Este mesmo sucesso tem ofuscado as Festas do Concelho a ponto de haver quem defenda o seu desaparecimento ou fusão. Deixarei de lado, por agora, a desproporção de meios que são postos à disposição de ambas as organizações. Pergunto antes se não haverá alguma complementariedade entre as duas iniciativas? No programa das “Festas” está, por exemplo, a realização da “Procissão do Padroeiro” (na circunstância, S. Cristóvão de Mondim, em dia que, liturgicamente, é também de S. Tiago) que começa a tornar-se na “Procissão do Padroeiros” com a presença de representações de todas as paróquias e até de alguns lugares. Quantos motivos, quantos eventos permitem aos mondinenses celebrar tão significativamente a sua unidade e identidade?

4. E agora?...

Ao entrar no espaço da Feira em qualquer das 4 noites do seu calendário, tem-se a sensação de estar a entrar num verdadeiro fórum, a praça pública da civitas romana, onde a reunião dos cidadãos era a essência da cidade. A pretexto de uma bebida, de uma refeição, de um jogo, de um espectáculo, sucedem-se as conversas, a troca intensa de emoções e de opiniões que alimentarão, em grande medida, o inverno da nossa agenda cívica e política. São, também neste sentido, verdadeiras “festas”, um momento convencionado de ruptura com o quotidiano onde são permitidos, e até estimulados, alguns exageros, indispensáveis à catarse de pulsões menos saudáveis. Então porque não associar a esta “Feira” de produtos uma “Feira” das ideias? Este ano, uma vez mais, a sessão solene (?) de abertura foi precedida de um acto de natureza cultural. Mas o facto de o programa não mencionar o(s) orador(es), o facto de esta sessão se realizar a um dia e a uma hora em que a maioria dos interessados está a trabalhar, e, por fim, a ausência, que começa a ser habitual, dos mais altos responsáveis do município, faz desta sessão uma espécie de composição floral destinada apenas a colocar na lapela ou na mesa de sessões da organização. Não tenho a certeza que valha a pena ou seja evidente a oportunidade de promover, com a feira, um congresso ou um conjunto de seminários. Os hábitos e até a meteorologia são capazes de não ajudar ao sucesso de uma tal iniciativa. Mas tenho a certeza, por outro lado, que tal depende também da convicção com que as coisas são promovidas e o que parece evidente é que um determinado tipo de cultura, mais erudita, não tem ainda as simpatias das nossas elites e da nossa população, o que é preocupante e tem no insucesso escolar um dos seus sintomas.

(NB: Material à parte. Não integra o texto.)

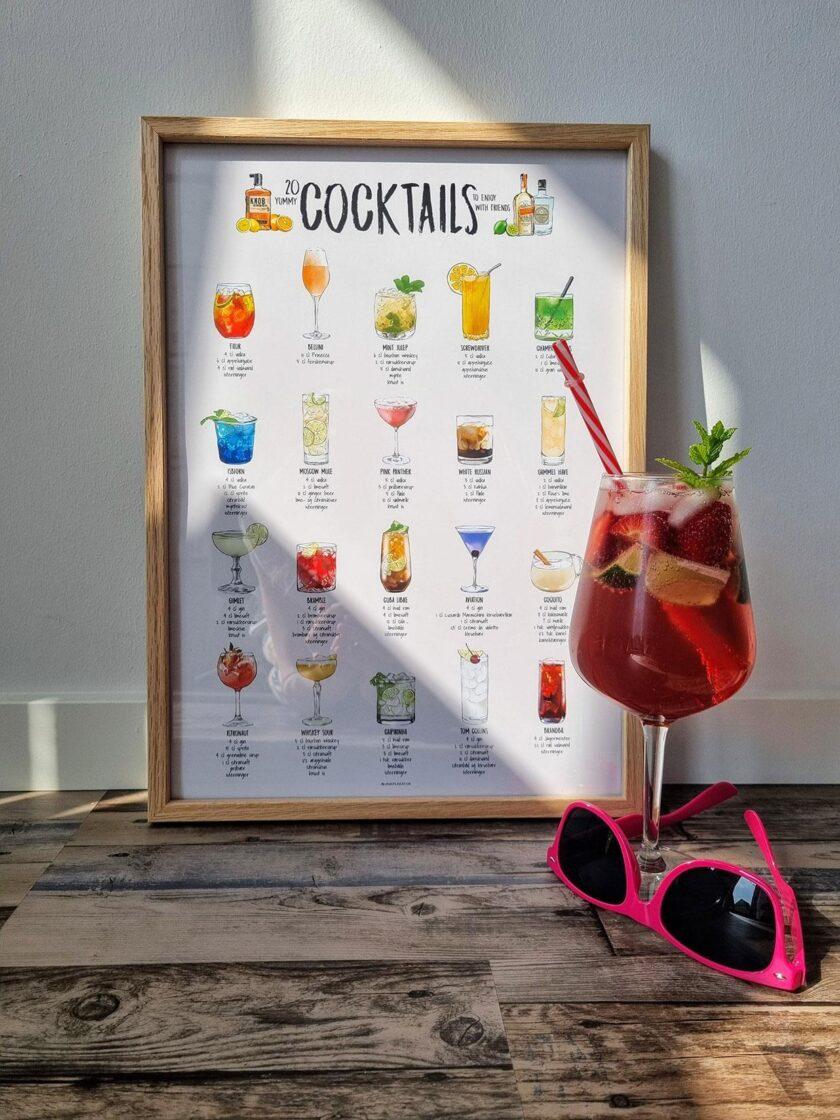 Cocktail plakat med opskrifter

Nos dias que precedem a “Feira da Terra”, não são apenas os recursos camarários que são mobilizados, mas muita energia adormecida entre os munícipes, e suas instituições, mais criativos. A “Feira da Terra” tem sido um estímulo à criatividade de indivíduos e associações que, num esforço, por vezes de “última hora”, vêm mostrar o que sabem e gostam de fazer para bem da comunidade. As sugestões que pretendo deixar com estas reflexões vão no sentido de fazer compreender que a “Feira” não se confina afinal àquele tempo e àquele lugar e que, também por isso, deveria ultrapassar a dimensão estritamente consumista do momento e abrir-se a novas dimensões, sem descurar o conceito que o Eng. Pinto Coelho tão ciosamente, e bem, tem defendido.